Top of RECORDS FOR PROCESSING

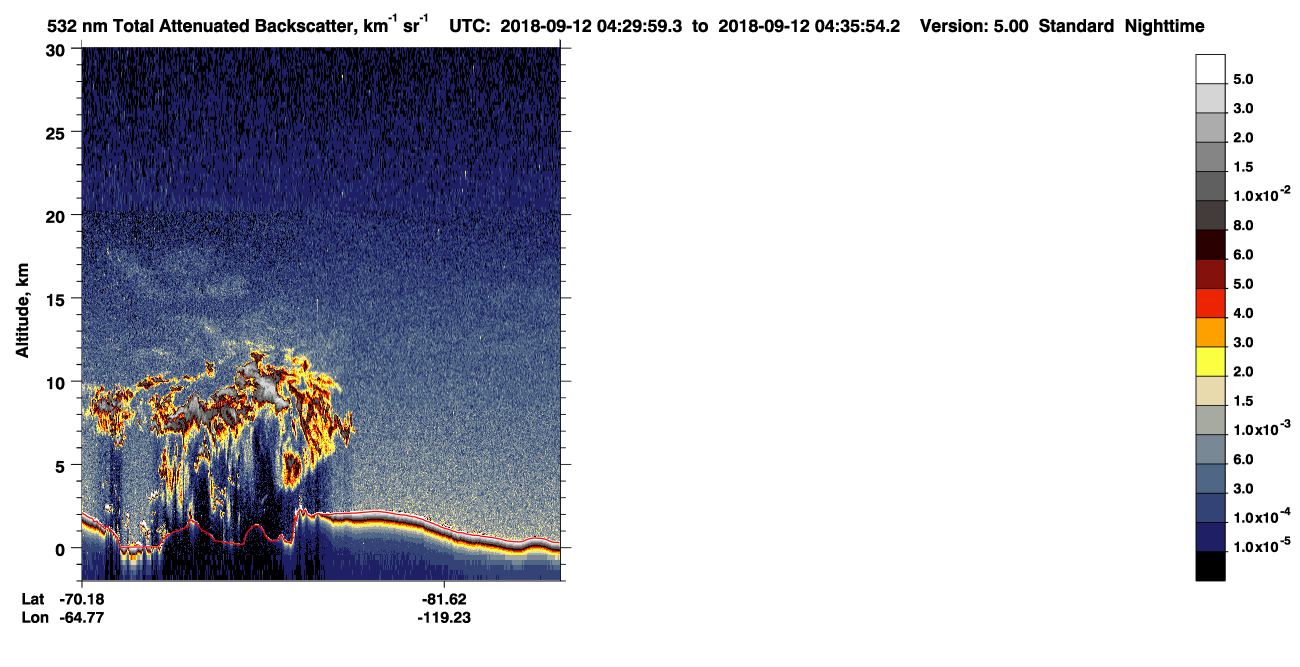 /calipso-imagery/data/BROWSE/production/V5-00/2018-09-12/2018-09-12_03-49-34_V5.00_4_1_CVDcolormap.png image missing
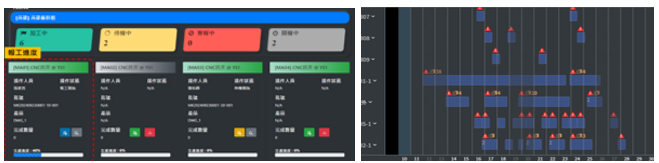 圖三、生產管理報工與排程操作畫面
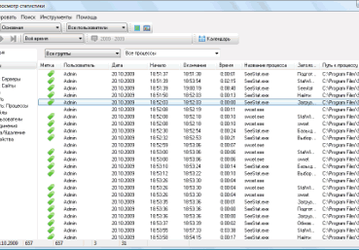 Утилиты: StatWin v.8.1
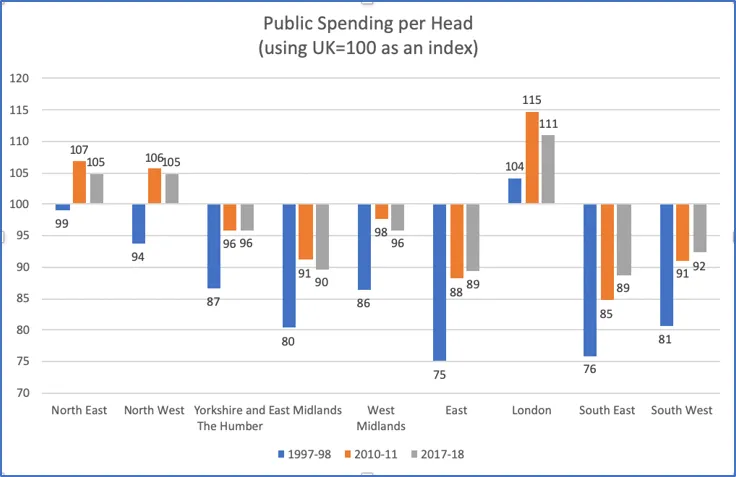 public spending graph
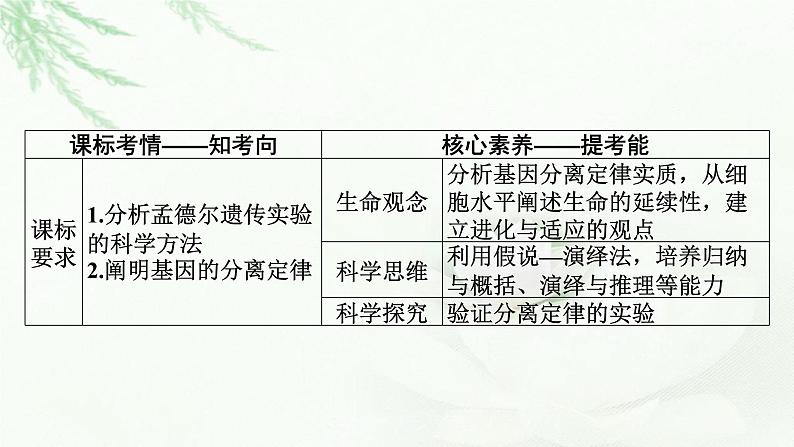 2024届高考生物一轮复习第五单元遗传因子的发现基因和染色体的关系第1讲孟德尔的豌豆杂交实验(一)课件第2页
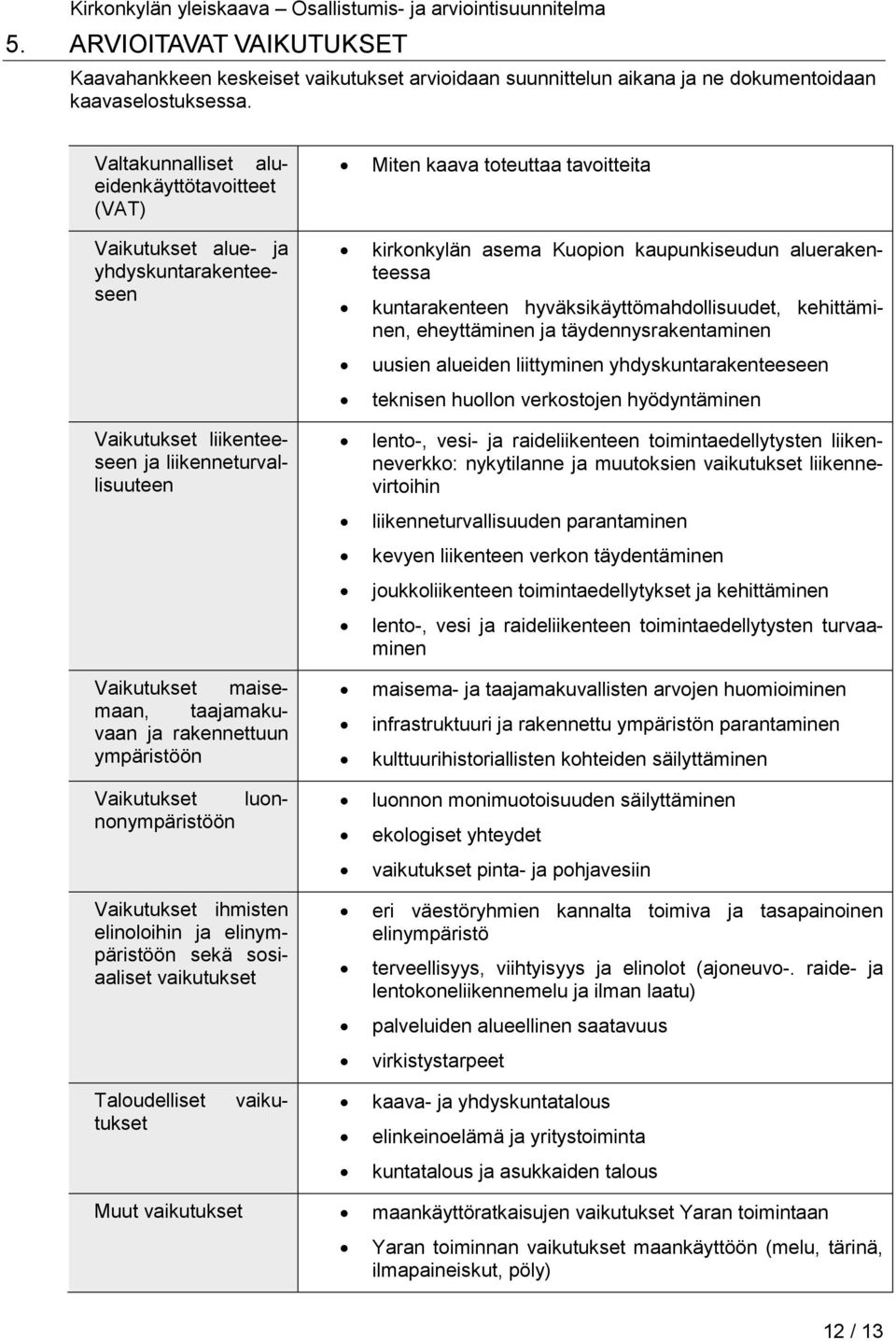 turvaaminen Vaikutukset maisemaan, taajamakuvaan ja rakennettuun ympäristöön Miten kaava toteuttaa tavoitteita kirkonkylän asema Kuopion kaupunkiseudun aluerakenteessa kuntarakenteen
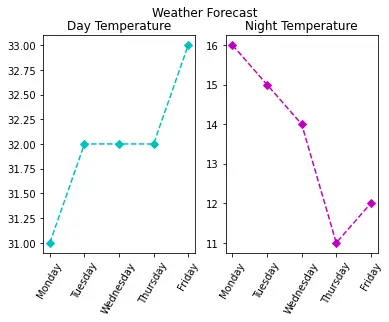 Vertical Subplot Line Graph in Python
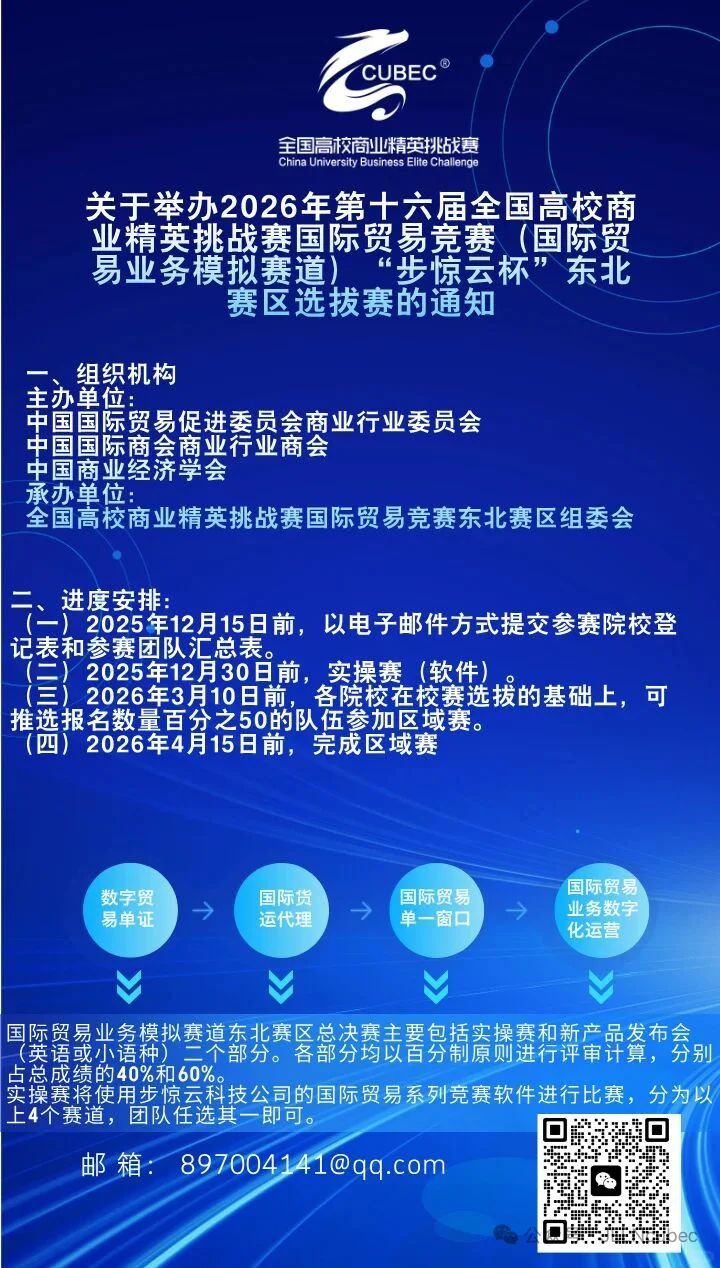 亲们 哪个赛道简单 容易拿分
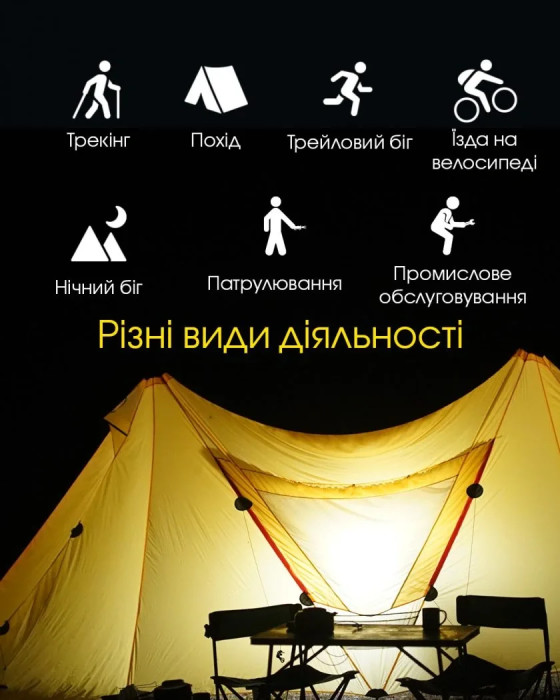 Фонарь налобный Nitecore NU43 (Белый + Красный LED, 1400 люмен)  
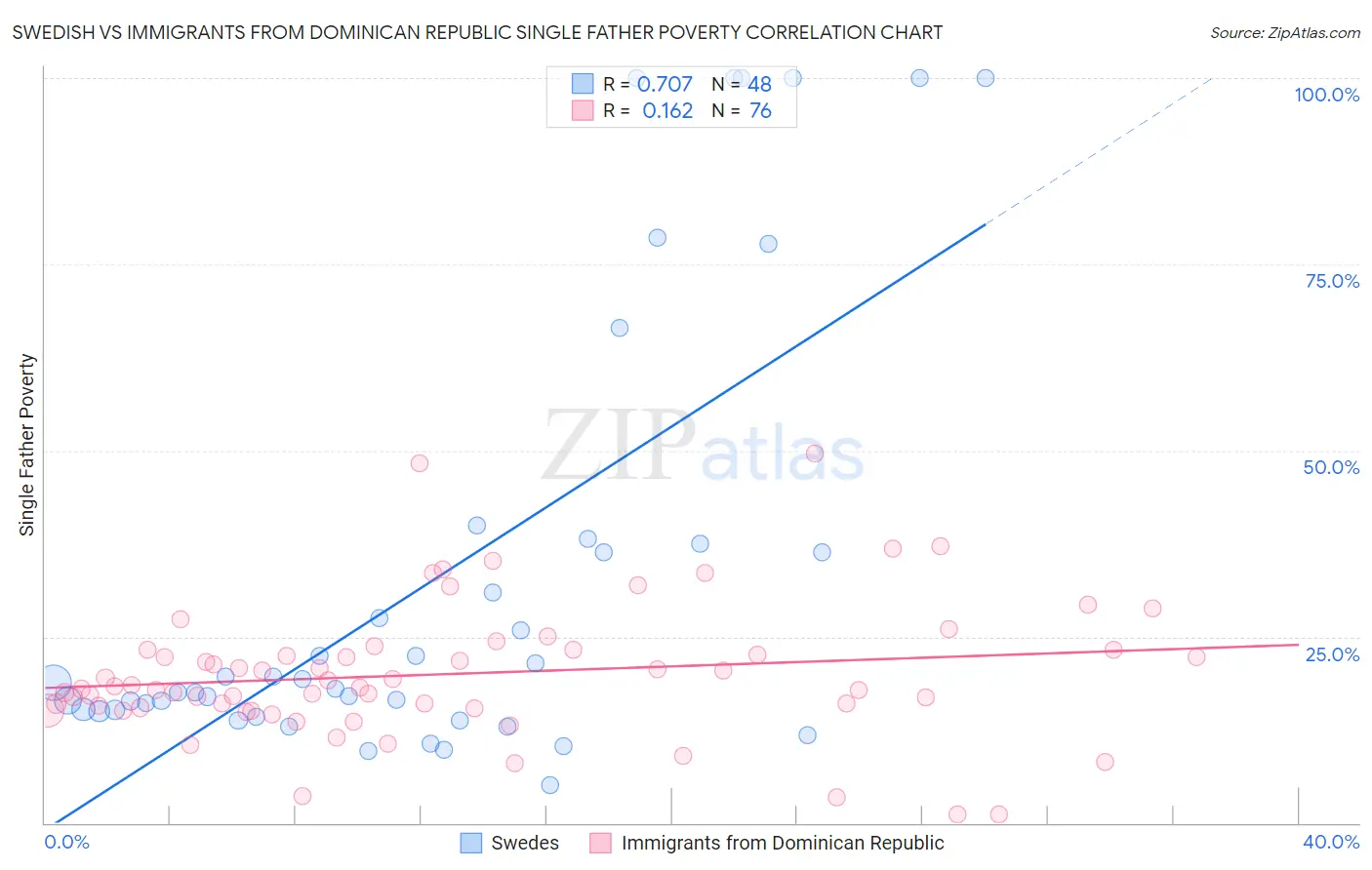 Swedish vs Immigrants from Dominican Republic Single Father Poverty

Bottom of RECORDS FOR PROCESSING

**WHAT YOU NEED TO DO:**
Begin at the first line of the material and copy each line exactly through the one containing "turvaaminen Vaikutukset maisemaan, taajamakuvaan". Omit pictures.

**OUTPUT OF THE TASK:**
 /calipso-imagery/data/BROWSE/production/V5-00/2018-09-12/2018-09-12_03-49-34_V5.00_4_1_CVDcolormap.png image missing
 圖三、生產管理報工與排程操作畫面
 Утилиты: StatWin v.8.1
 public spending graph
 2024届高考生物一轮复习第五单元遗传因子的发现基因和染色体的关系第1讲孟德尔的豌豆杂交实验(一)课件第2页
 turvaaminen Vaikutukset maisemaan, taajamakuvaan ja rakennettuun ympäristöön Miten kaava toteuttaa tavoitteita kirkonkylän asema Kuopion kaupunkiseudun aluerakenteessa kuntarakenteen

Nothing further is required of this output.